C’est aussi une sorte d’histoire de Cendrillon, car lorsque Bhangal était un adolescent de 15 ans, et que son intérêt pour la production et la réalisation de « beats » en était à ses balbutiements, à qui a-t-il demandé conseil ? Nav.

« À l’époque, il avait 500 abonnés et il publiait des vidéos de ses “beats” », se souvient Bhangal. « Et je me suis dit : “Je veux apprendre à faire ça”. » Il a donc envoyé un message à Nav et s’est renseigné sur ce qu’il devait faire pour s’établir en tant que producteur audionumérique. « Nav m’a dit FL Studio, Logic Pro, des haut-parleurs. La base, quoi. »
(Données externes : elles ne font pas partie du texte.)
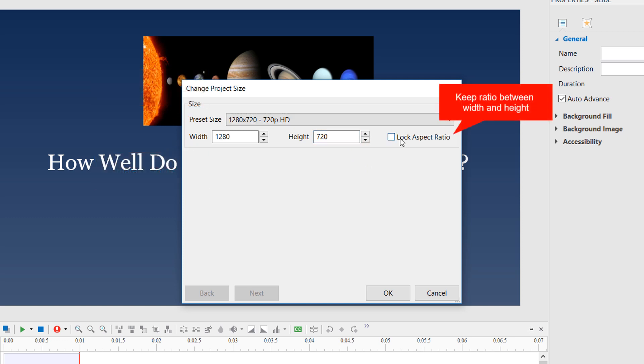Select Lock Aspect Ratio if you want to keep the ratio between the width and the height of the slide size. By doing that, ActivePresenter will automatically change the height according to the width, and vice versa, so that the aspect ratio can be maintained.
« Le lendemain de cette conversation, je suis allé avec ma mère chez Long & McQuade et – parce que je travaillais déjà le jour – j’ai acheté pour 2000 $ de matériel : un ordinateur, des haut-parleurs, un clavier MIDI, des trucs comme ça. Et depuis, je produis sans arrêt. »

C’est le seul contact qu’il a eu avec Nav, et au cours des trois années suivantes, Money Musik a travaillé avec des artistes locaux de Toronto comme K. Money, Pressa, WhyG, Casper TNG et LB Spiffy, ce qui lui a permis de se bâtir une réputation. Quelque temps avant de travailler sur le titre « I’m Fresh » de 88Glam en compagnie de Nav, les deux musiciens ont repris contact, et Bhangal a fini par travailler secrètement sur Bad Habits. « Je n’ai rien publié à ce sujet, donc personne ne le savait », admet-il.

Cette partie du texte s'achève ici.